Tobunken Seminar: Lecture by Professor Cemil Aydin

Islamic Modernism and the Question of Eurocentric Global Intellectual History

Speaker: Professor Cemil Aydin (George Mason University)
Cemil Aydin is IIIT Chair in Islamic Studies and Associate Professor of History at the Department of History and Art History, George Mason University, where he also serves as Director of Ali Vurak Ak Center for Global Islamic Studies. Professor Aydin’s numerous publications include: The Politics of Anti-Westernism in Asia: Visions of World Order in Pan-Islamic and Pan-Asian Thought (New York: Columbia University Press, Global and International History Series, 2007).

Language: English
The lecture is open to public.
Contact: Kazuo Morimoto (E-mail: morikazu[at]ioc.u-tokyo.ac.jp)

Abstract:
In the scholarly writings on the global intellectual history of the last two hundred years, we see special attention given to the emergence of universal and global values, such as the ideas of national liberty, equality, international law and human rights.
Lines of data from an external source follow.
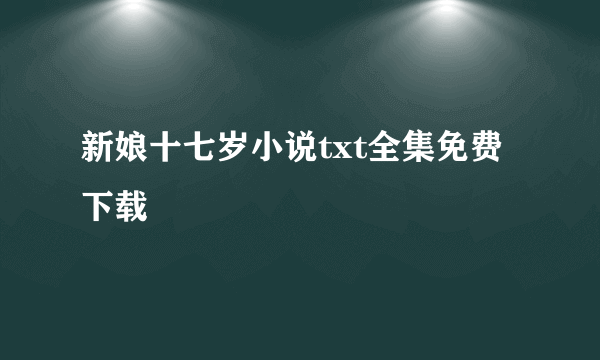 新娘十七岁小说txt全集免费下载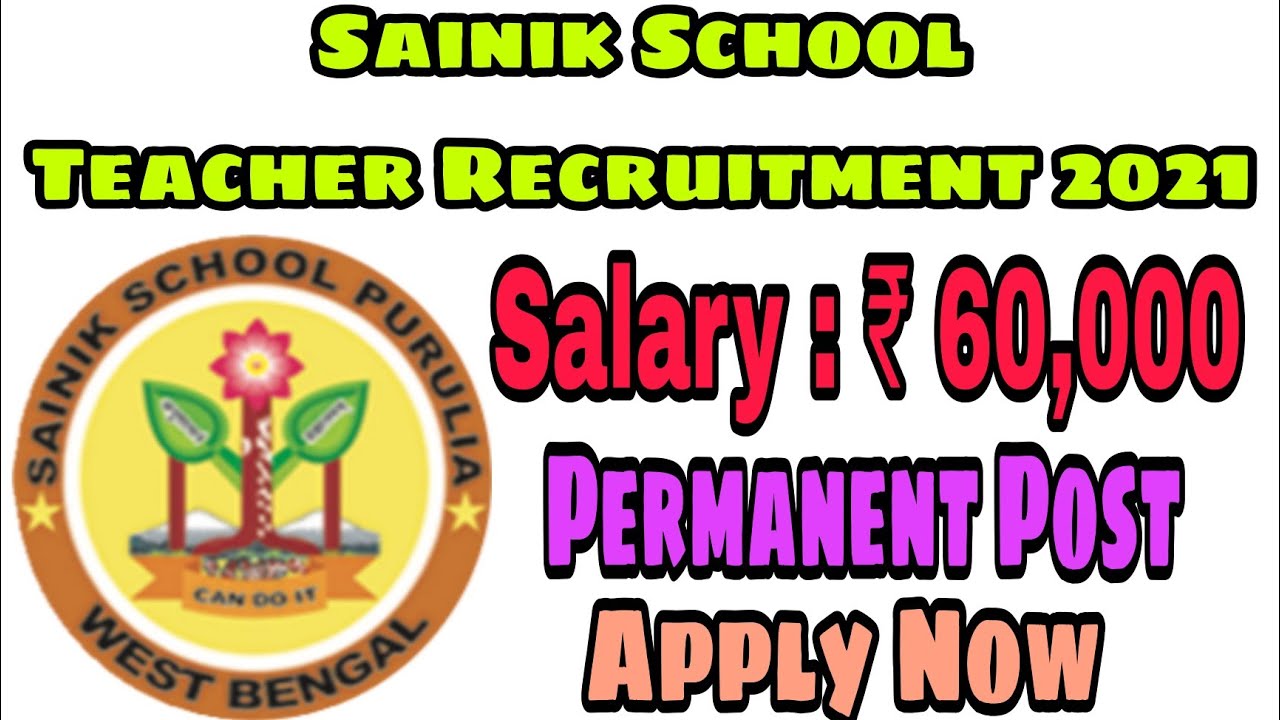 Sainik School Teacher Recruitment 2021 I Permanent Posts Rs 60,000 pm Salary I Apply from ANY STATE.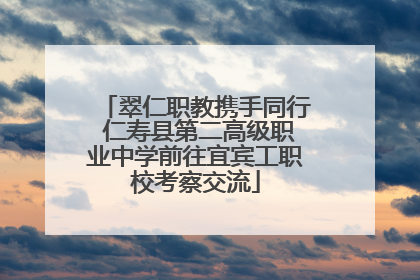 翠仁职教携手同行 仁寿县第二高级职业中学前往宜宾工职校考察交流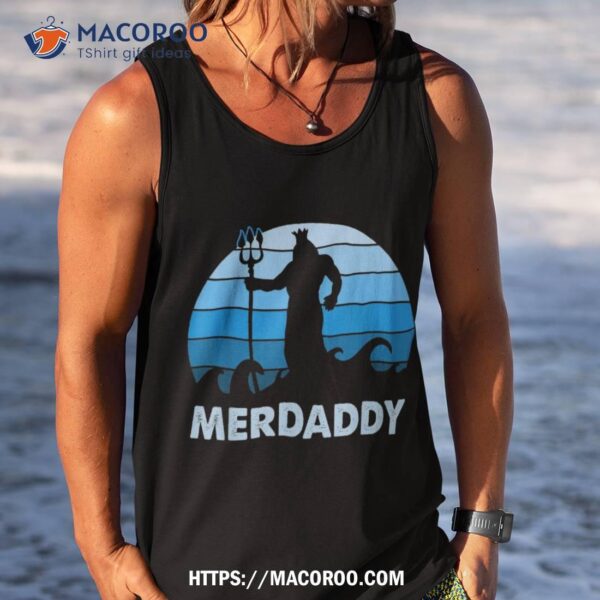 Merdaddy Mermaid Security Merman Daddy Fathers Day Swimmer Shirt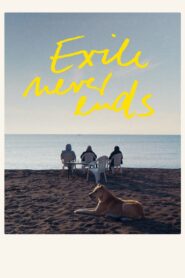 Exile Never Ends 2024 on netflix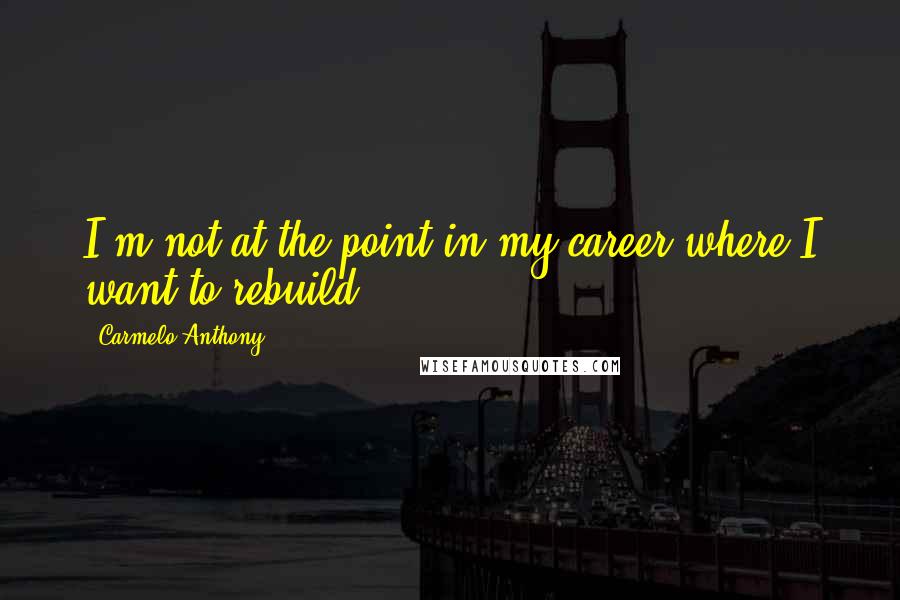 Carmelo Anthony Quotes: I'm not at the point in my career where I want to rebuild.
Once we assume the existence of global and universal norms, we have the inevitable question of the origins of these global values, which, most of the time, takes us to the debate on Eurocentrism. We end up tracing almost all of the assumed universal values and ideas back to European intellectual history. According to the main narratives of modern non-Western intellectuals, nationalist or reformers still reproduce this Eurocentrism because they show a kind of non-European seizure of European universalism, in some sense, a subaltern fulfillment of the Eurocentric values that led the way to a kind of anti-colonial internationalism, and associated norms such as national self-determination, racial equality, and freedom from colonial rule. Thus, Ataturk, Sun Yat-Sen, and even Gandhi would become avatars of Eurocentrism in history of global norms, although it was their agency and ideas which shaped modern international history.
While this narrative is giving primacy of historical agency to subaltern and non-Western figures in realizing and actualizing the universal potential of Enlightened European values, it seems all of these values still originated from the small geographical area of Western Europe. Moreover, the globalization of universalistic ideas becomes very abstract and teleological: There is not sufficient attention given to the ideas that are modern, globalized but not originating from Europe, while differences in the globalization of European ideas in different parts of the world are not well explained. Even though intellectuals in Muslim majority societies, Confucian East Asia, or Buddhist South East Asia were all exposed to a similar set of globally circulating ideas, there were crucial differences in their main formulations and in dominant trends. We should see the similarities among Tagore, Okakura Tenshin, Ahmed Riza, or Muhammad Abduh and W.E.B. Du Bois, but differences are also important to underline.
This paper will discuss the globalization of Islamic modernism and its associated values to revisit the question of Eurocenrism in global intellectual history. Why was Islamic modernism as well as the admiration for Ottoman Empire and its Caliphate was so dominant in Muslim societies between 1870s to the 1930s, an era retrospectively described as the high period of rising nationalism and Europeanization of the world? What can we learn from the modernist hermeneutic engagement with early Islamic texts with regard to questions of global intellectual history?